Ondertussen houden wij onszelf bezig. Zo vertrekken we van de camping in Mazarrón en laten de vele toilet-cassettes achter ons. We rijden met stralende zon en begeleidt door de liedjes van Josh Stone, John Mayer en Maria Mena (Floor d’r muziek) naar de landtong in de Middellandse Zee net naast Cartagena. De landtong zelf is volledig bebouwd met hoge hotels, appartementsgebouwen en andere toeristische voorzieningen en spreekt ons niet erg aan. Gelukkig zijn wij gekomen voor de “Salinas de Marchamado” (oude zoutpannen) om vogels te kijken. Als we hier parkeren staat er tot onze verbazing een dubbele regenboog op ons raamscherm (toeval of is dit een teken van Floor!?). Nadat we weer een stroom aan lieve berichtjes van vrienden en familie hebben gelezen, lopen we om de zoutpannen heen en spotten verrassend veel verschillende vogels, zoals roze flamingo’s, bergeenden, puttertjes en een ijsvogel. Vervolgens zijn we een paar kilometer verderop te vinden op “Cabo de Palos”. We horen de bulderende golven onder ons en kijken - naast een imposante vuurtoren - vanaf deze hoge rotspartij uit over de zee, terwijl gevoelens van vreugde (herinneringen aan jou, Floor) en verdriet (je missen) elkaar afwisselen. Hierna gaan we met de camper terug naar Cartagena en komen rond vier uur aan op een camperplaats naast een Shell benzinestation: heel gezellig.

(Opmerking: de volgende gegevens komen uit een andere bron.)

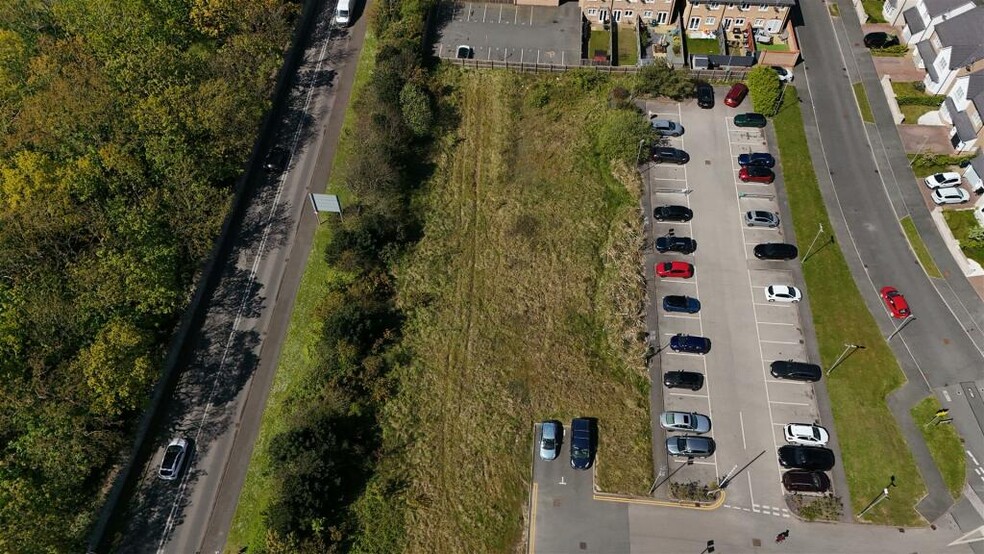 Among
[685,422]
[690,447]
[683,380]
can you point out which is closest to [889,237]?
[683,380]

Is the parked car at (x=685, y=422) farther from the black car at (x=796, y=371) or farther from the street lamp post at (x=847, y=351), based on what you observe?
the street lamp post at (x=847, y=351)

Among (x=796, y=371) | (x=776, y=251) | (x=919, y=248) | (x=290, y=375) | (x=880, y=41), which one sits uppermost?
(x=880, y=41)

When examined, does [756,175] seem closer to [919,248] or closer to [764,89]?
[764,89]

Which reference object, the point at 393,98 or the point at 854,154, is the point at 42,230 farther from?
the point at 854,154

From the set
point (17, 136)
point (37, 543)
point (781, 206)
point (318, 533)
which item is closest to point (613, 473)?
point (318, 533)

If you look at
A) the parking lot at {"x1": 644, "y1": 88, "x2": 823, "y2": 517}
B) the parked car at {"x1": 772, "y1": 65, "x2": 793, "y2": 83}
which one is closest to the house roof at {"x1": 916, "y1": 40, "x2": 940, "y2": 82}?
the parked car at {"x1": 772, "y1": 65, "x2": 793, "y2": 83}

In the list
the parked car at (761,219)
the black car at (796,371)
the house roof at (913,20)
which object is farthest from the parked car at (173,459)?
the house roof at (913,20) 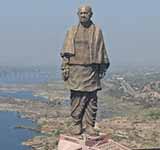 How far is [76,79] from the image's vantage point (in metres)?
8.23

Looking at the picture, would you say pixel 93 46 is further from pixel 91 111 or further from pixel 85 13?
pixel 91 111

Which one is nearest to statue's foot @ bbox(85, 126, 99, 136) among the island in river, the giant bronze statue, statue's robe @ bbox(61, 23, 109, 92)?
the giant bronze statue

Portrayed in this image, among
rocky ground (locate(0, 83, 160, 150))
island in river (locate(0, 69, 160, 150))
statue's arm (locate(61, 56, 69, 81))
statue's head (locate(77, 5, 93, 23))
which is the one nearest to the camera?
statue's head (locate(77, 5, 93, 23))

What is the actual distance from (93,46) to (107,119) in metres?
50.1

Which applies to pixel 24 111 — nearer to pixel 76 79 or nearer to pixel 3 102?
pixel 3 102

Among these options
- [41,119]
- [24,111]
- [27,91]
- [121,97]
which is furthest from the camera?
[27,91]

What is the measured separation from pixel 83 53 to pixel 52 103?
236ft

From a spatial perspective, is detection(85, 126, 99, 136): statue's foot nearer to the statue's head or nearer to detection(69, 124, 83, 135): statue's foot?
detection(69, 124, 83, 135): statue's foot

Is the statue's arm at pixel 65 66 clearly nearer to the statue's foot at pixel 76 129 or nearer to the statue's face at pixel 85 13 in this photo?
the statue's face at pixel 85 13

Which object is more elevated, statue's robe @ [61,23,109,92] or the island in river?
statue's robe @ [61,23,109,92]

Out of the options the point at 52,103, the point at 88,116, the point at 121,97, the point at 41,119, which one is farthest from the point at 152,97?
the point at 88,116

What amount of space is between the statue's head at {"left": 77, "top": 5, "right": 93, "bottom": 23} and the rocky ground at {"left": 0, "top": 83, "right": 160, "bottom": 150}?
16485 mm

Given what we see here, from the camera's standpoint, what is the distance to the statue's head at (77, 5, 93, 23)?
8.14 m

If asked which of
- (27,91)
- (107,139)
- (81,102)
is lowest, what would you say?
(27,91) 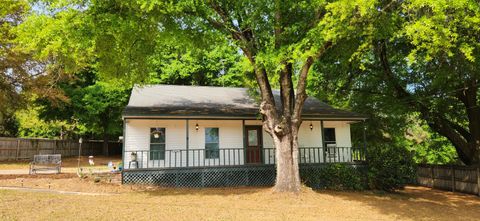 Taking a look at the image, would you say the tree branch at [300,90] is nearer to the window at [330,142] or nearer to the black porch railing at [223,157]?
the black porch railing at [223,157]

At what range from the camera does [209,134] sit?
15.6m

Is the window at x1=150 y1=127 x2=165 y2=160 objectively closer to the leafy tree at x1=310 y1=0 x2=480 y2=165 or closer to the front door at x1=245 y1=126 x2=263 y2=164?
the front door at x1=245 y1=126 x2=263 y2=164

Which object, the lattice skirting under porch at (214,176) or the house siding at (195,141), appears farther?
the house siding at (195,141)

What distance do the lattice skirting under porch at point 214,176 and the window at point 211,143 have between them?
1.33 metres

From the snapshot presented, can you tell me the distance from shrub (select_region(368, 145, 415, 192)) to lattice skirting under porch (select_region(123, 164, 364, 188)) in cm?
110

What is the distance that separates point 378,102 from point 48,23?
16122 millimetres

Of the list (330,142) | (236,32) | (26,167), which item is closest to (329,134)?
(330,142)

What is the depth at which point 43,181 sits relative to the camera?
1357 centimetres

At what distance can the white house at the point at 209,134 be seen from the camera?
1417 centimetres

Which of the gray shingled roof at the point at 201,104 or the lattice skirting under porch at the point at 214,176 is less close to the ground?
the gray shingled roof at the point at 201,104

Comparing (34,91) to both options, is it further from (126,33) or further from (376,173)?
(376,173)

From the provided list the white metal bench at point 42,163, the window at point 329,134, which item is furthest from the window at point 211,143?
the white metal bench at point 42,163

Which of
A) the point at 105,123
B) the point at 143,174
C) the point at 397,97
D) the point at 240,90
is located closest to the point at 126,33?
the point at 143,174

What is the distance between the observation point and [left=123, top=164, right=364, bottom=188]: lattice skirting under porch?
532 inches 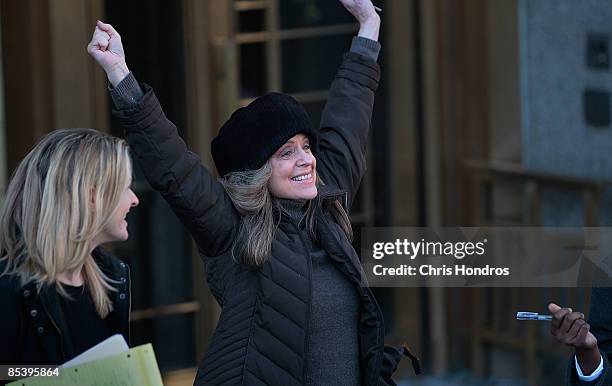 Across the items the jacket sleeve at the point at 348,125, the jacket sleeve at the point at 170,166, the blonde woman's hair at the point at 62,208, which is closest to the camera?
the blonde woman's hair at the point at 62,208

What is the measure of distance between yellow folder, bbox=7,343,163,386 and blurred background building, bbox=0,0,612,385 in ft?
8.62

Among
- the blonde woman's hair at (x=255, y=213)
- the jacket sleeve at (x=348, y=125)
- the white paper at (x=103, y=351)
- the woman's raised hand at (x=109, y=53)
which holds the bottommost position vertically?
the white paper at (x=103, y=351)

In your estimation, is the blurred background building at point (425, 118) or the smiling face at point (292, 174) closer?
the smiling face at point (292, 174)

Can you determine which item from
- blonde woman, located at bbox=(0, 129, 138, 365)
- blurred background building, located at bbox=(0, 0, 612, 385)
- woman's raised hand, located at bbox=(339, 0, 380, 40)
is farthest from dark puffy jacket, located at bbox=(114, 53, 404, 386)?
blurred background building, located at bbox=(0, 0, 612, 385)

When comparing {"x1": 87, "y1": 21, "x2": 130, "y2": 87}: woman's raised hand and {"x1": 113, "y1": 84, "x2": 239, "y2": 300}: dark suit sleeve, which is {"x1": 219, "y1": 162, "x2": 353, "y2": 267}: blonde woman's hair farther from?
{"x1": 87, "y1": 21, "x2": 130, "y2": 87}: woman's raised hand

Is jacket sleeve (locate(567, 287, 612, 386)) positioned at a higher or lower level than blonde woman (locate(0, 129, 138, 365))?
lower

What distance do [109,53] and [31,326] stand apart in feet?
2.44

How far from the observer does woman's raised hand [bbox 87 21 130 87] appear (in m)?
3.19

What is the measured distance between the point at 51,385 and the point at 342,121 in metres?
1.30

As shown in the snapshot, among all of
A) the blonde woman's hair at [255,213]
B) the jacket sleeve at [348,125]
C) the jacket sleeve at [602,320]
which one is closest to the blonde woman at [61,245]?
the blonde woman's hair at [255,213]

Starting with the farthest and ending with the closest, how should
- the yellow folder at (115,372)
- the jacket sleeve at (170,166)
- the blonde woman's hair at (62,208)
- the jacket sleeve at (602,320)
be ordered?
1. the jacket sleeve at (602,320)
2. the jacket sleeve at (170,166)
3. the blonde woman's hair at (62,208)
4. the yellow folder at (115,372)

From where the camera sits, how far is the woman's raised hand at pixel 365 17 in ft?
12.5

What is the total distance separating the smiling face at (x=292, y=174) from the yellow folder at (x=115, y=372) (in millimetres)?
747

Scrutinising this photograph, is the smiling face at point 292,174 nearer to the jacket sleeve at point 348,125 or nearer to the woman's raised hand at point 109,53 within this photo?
the jacket sleeve at point 348,125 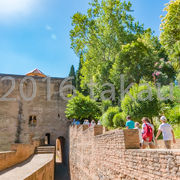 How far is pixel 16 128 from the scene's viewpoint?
1917 cm

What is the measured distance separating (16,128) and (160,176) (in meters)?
18.8

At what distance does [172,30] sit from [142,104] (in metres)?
5.91

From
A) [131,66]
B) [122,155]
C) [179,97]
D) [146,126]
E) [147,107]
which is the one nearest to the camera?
[122,155]

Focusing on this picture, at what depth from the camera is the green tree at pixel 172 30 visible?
37.3ft

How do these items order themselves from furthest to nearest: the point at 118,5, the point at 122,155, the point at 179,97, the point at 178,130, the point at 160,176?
the point at 118,5
the point at 179,97
the point at 178,130
the point at 122,155
the point at 160,176

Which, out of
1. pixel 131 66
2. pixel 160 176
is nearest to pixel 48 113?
pixel 131 66

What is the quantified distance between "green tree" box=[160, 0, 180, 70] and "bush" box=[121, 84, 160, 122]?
12.6 ft

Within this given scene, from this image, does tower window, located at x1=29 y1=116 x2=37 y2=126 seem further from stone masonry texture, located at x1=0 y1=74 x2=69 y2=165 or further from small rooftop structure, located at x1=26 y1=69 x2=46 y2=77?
small rooftop structure, located at x1=26 y1=69 x2=46 y2=77

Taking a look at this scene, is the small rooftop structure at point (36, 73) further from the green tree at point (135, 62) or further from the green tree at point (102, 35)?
the green tree at point (135, 62)

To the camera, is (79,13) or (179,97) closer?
(179,97)

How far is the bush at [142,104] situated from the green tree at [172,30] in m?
3.85

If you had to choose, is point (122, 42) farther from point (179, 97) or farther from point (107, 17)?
point (179, 97)

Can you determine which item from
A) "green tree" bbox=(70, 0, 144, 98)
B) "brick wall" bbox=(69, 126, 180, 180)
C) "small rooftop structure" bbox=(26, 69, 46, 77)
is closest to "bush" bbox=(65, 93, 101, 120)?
"green tree" bbox=(70, 0, 144, 98)

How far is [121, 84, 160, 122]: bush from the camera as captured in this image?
10180 millimetres
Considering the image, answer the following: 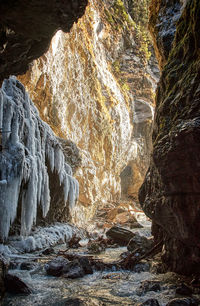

Aangezien we nog een paar uur daglicht hebben en de Spanjaarden toch pas weer om vijf uur de staat op gaan, pakken we de fiets en rijden de stad in. De stad valt nogal tegen, ondanks dat het de oudste stad van Spanje is. Wel is het Romeinse theater en het imposante beeld bij de haven (ter herdenking aan alle terrorismeslachtoffers in Spanje) indrukwekkend om te zien. Ondertussen is het zeven uur en donker. Lidy en ik hebben afgesproken Chinees te gaan eten, omdat we op de laatste verjaardag van Floor in 2011, dat ook gedaan hebben. Ik dus zoeken op Google Maps op “Chinees Restaurant”, waarna we op pad gaan naar Restaurant Chan (degene die de beste review heeft). Deze blijkt dicht te zijn. Op naar de volgende, dat een winkel blijkt te zijn waar je wel “Take Away eten” kunt halen. We komen niet uit de Spaans-Chinese menukaart, dus “nee, dat doen we niet”. De volgende eerst maar even bellen. “Ola, abierto?” roep ik als er wordt opgenomen. “Si!” antwoord een norse, schelle vrouwenstem, waarop ik snel weer ophang. M’n Spaans is behoorlijk slecht, zoals je al begrepen hebt. Behoorlijk verkleumd - en met meer dan lekkere trek - komen we rond half acht binnen in Chino Gran Mundo, want het is nogal koud als je al een uur op de fiets heel Cartagena hebt doorkruist. Nou, ik kan je zeggen: het eten was heerlijk en veel! Maar dat was ook het enige. Het was er koud, kaal, hel verlicht en de vrouw van die schelle vrouwenstem was inderdaad nog nooit op een klantvriendelijkheidsworkshop geweest. Wel krijgen we keurig alle restjes in een doggiebag mee. Terug bij de camper gaat de kachel stevig aan: we zijn koud tot op het bot. Onder het genot van hete koffie en thee concluderen we dat Floor dubbel zou hebben gelegen om die maffe paps en mams.
Ik spreek jullie volgende week weer. Tot dan!